CVE-2024-11372: 
WordPress vulnerability analysis and mitigation

The Connexion Logs WordPress plugin through version 3.0.2 contains a SQL injection vulnerability identified as CVE-2024-11372. The vulnerability was discovered by Régis SENET and was publicly disclosed on December 2, 2024. This security issue affects the WordPress plugin 'logs-de-connexion' and currently has no known fix (WPScan).

The vulnerability stems from improper input validation where the plugin fails to sanitize and escape a parameter before using it in a SQL statement. The vulnerability has been assigned a CVSS score of 7.2 (HIGH) with the vector string CVSS:3.1/AV:N/AC:L/PR:H/UI:N/S:U/C:H/I:H/A:H. It maps to OWASP Top 10 category A1: Injection and CWE-89 (WPScan, NVD).
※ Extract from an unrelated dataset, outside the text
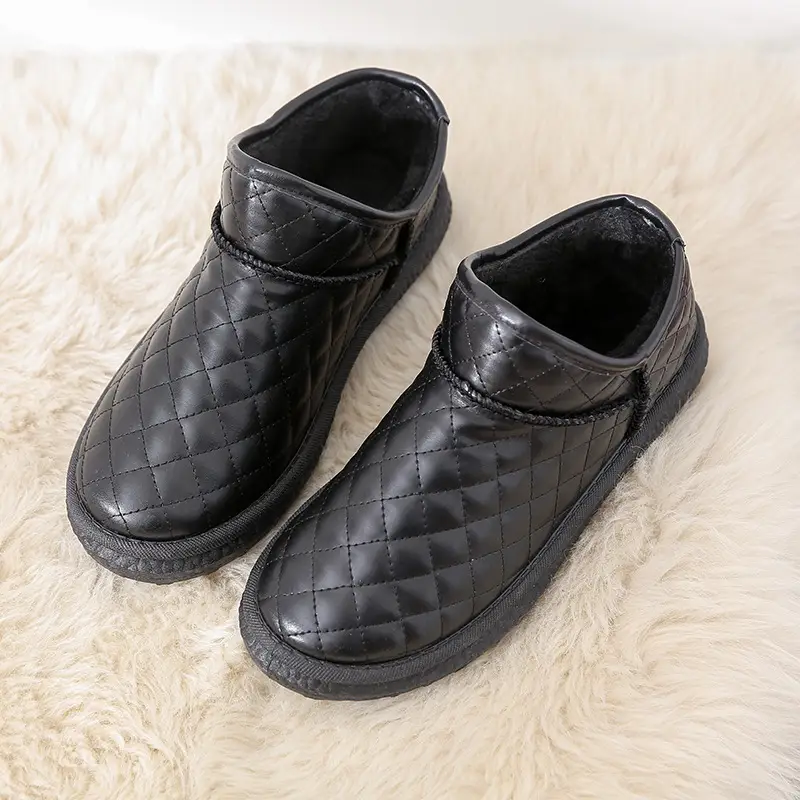 26 Styles of Winter Fleece-Lined Warm Snow Boots with Thick Soles, Closed Heels, Non-Slip Soft Soles, Versatile Waterproof Cotton Shoes, Fleece-Lined and Thickened - Image 2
The vulnerability allows administrators to perform SQL injection attacks against the WordPress database. While the impact is somewhat limited due to the requirement of administrative privileges, successful exploitation could potentially lead to unauthorized database access or manipulation (Wiz).

Currently, there is no known fix available for this vulnerability. Users of the Connexion Logs WordPress plugin should consider implementing additional security measures or temporarily disabling the plugin until a patch is released (Wiz).